BARNES: Well, the president will give another update on the investigation after he meets with his national security team today, and we expect those remarks around the lunch hour, Sandra, back to you.

SMITH: All right, Peter Barnes, thank you. Well, the deadliest mass shooting in U.S. history prompted Republican presumptive nominee, Donald Trump, to discuss his proposed immigration ban at length. Listen.


TRUMP: When I'm elected, I will suspend immigration from areas of the world where there's a proven history of terrorism against the United States, Europe, or our allies. Until we fully understand how to end these threats. After a full.


TRUMP: Thank you. And by the way, we have no choice.


SMITH: let's bring in Saba Ahmed, president of the Republicans Muslim coalition, and Sajid Tarar, president of American Muslims for Trump. Saba, I want to begin with you first, do you agree with Donald Trump's position that he's making?

SABA AHMED, REPUBLICANS MUSLIM COALITION PRESIDENT: Well, first of all, I would like to urge that Muslim-Americans stand in solidarity and strongly condemn the Orlando tragedies, it was completely horrific crime against humanity. We are very much shocked by the acts of this individual, but I don't think blaming an entire religion and 1.7 billion Muslims for the acts of a single criminal is fair. I think we need to look at carefully who is coming into the country, but as we know, this person was born and raised in the United States, so I think there's much more to this discussion than just blaming an entire faith.

SMITH: Do you feel that that's what Donald Trump is doing with his statement?

AHMED: I think Donald Trump is kind of just targeting radical Islam, which is absurd because I don't think blaming an entire faith is the right approach. I think Donald Trump is very strong on national security, which is good, but we definitely need to be much more cautious about not alienating all of the Muslim world.

SMITH: OK. So, Sajid, you take a completely different stance on this?

SAJID TARAR, AMERICAN MUSLIM FOR TRUMP PRESIDENT: Yes, first of all, good morning for having me, and thank you for having me. I wanted to add a few things. I'm a Muslim-American, I was born and raised Muslim and I love this country more than my life. I'm an American, and we have lost 50 Americans and my heart is bleeding today, and they are a part of my prayers. And I strongly condemn and I reject the ideology of radical views that is growing all over.

SMITH: Sajid, do you support Donald Trump's ban on Muslim though?

TARAR: I support that this is -- let me tell you. This is what he has said that we have to stop immigration of refugees from the watchable areas. And look at this, today this Orlando shooter, he's father was immigrant -- not an immigrant, he was a refugee from Afghanistan. He's absolutely right that we have to stop and revisit and rethink about the people bringing from different part of the world where the trouble is coming from.

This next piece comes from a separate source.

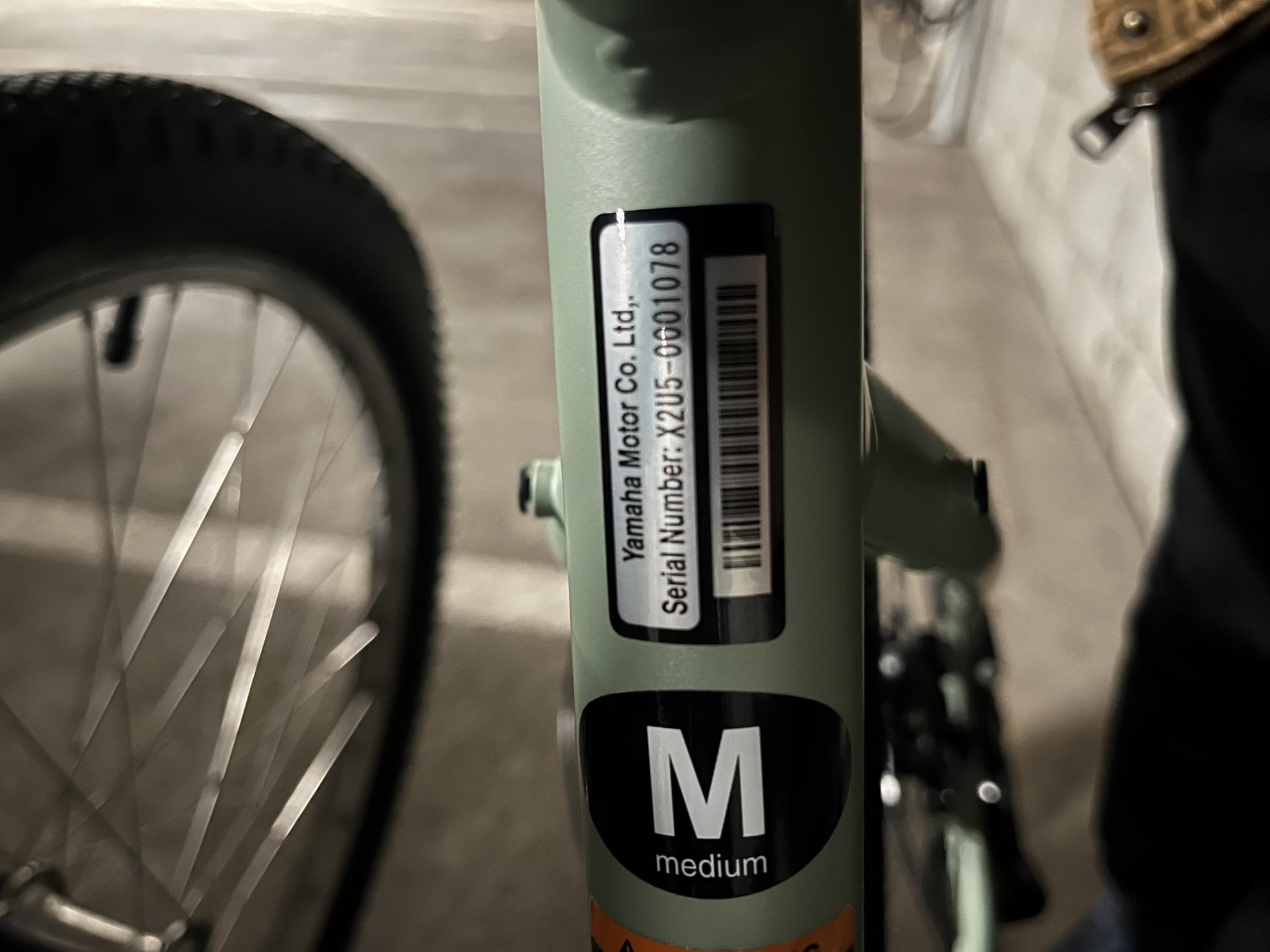 2022 Yamaha CCORRCMSAG Green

SMITH: OK. So, Saba, what's your respond to that?

AHMED: I think, I agree. I think Donald Trump's speech yesterday was great because he talked about partnership with Muslim-Americans. He talked about how he wants to be a president for all Americans, which includes Muslims. I think, you know, Donald Trump is the right candidate right now, but I do think that, you know, we definitely need to work with the Muslim community who are on the front lines battling extremism every day. I think it's an ideological battle that can never be won with the military. It has to come from the Muslim-Americans countering that ideology and providing the counter narrative. In terms of the policies, immigration, I think, definitely we need to scrutinize refugees asylum, a lot of other visa category that are bringing in potential terrorist. We definitely need to be much more careful about who comes into this country and every single person has to be scrutinized.

SMITH: OK. And that's a difficult task, Sajid. So what role should Muslim-Americans have in identifying citizens who have been radicalized or in the process of being -- becoming radicalized. We know many of them are doing this and are enabling themselves to recruit using social media and other forms.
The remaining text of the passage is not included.